§ GIVEN INFORMATION:
*** Begin section ***

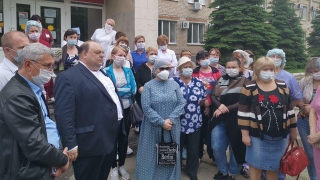 СOVID-19. Министр потребовал от больницы заплатить протестующим медикам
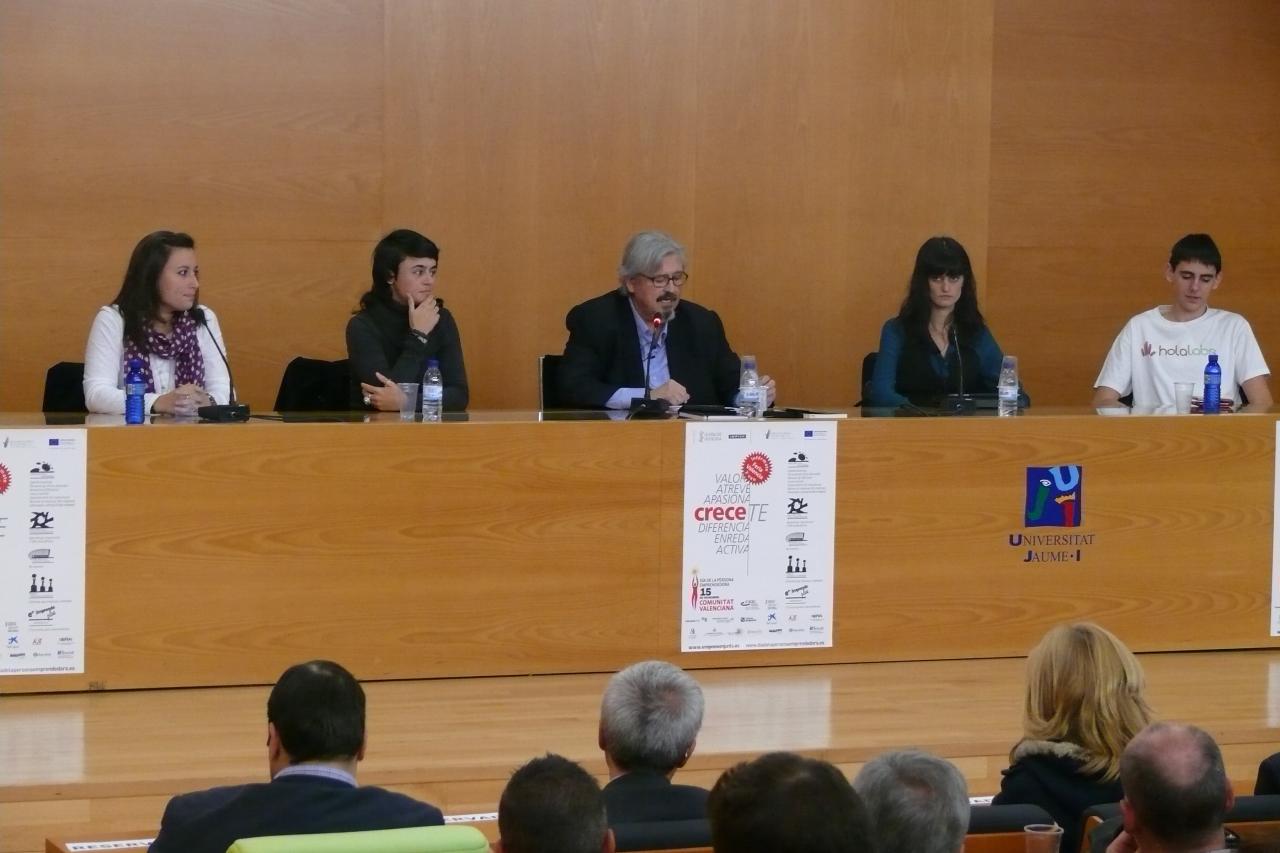 Plenario: �Vivo en el futuro y esto es lo que veo�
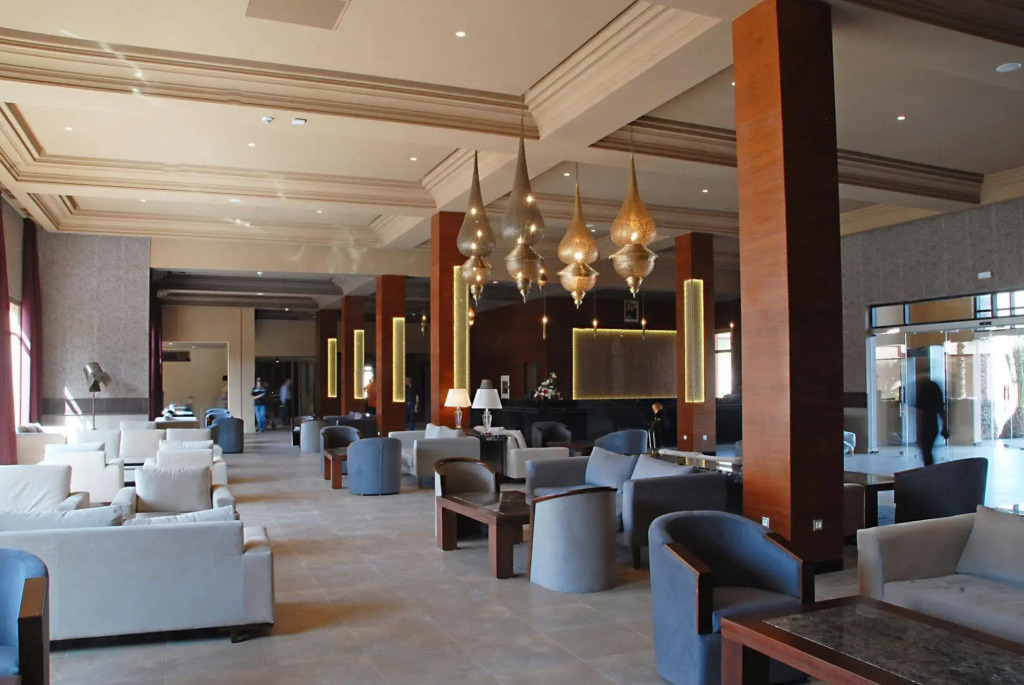 Oasis Palm Hotel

*** End section ***

§ TASK DESCRIPTION:
Once the pictures are set aside, please reproduce the remaining material word for word.

§ EXERCISE RESPONSE:
 СOVID-19. Министр потребовал от больницы заплатить протестующим медикам
 Plenario: �Vivo en el futuro y esto es lo que veo�
 Oasis Palm Hotel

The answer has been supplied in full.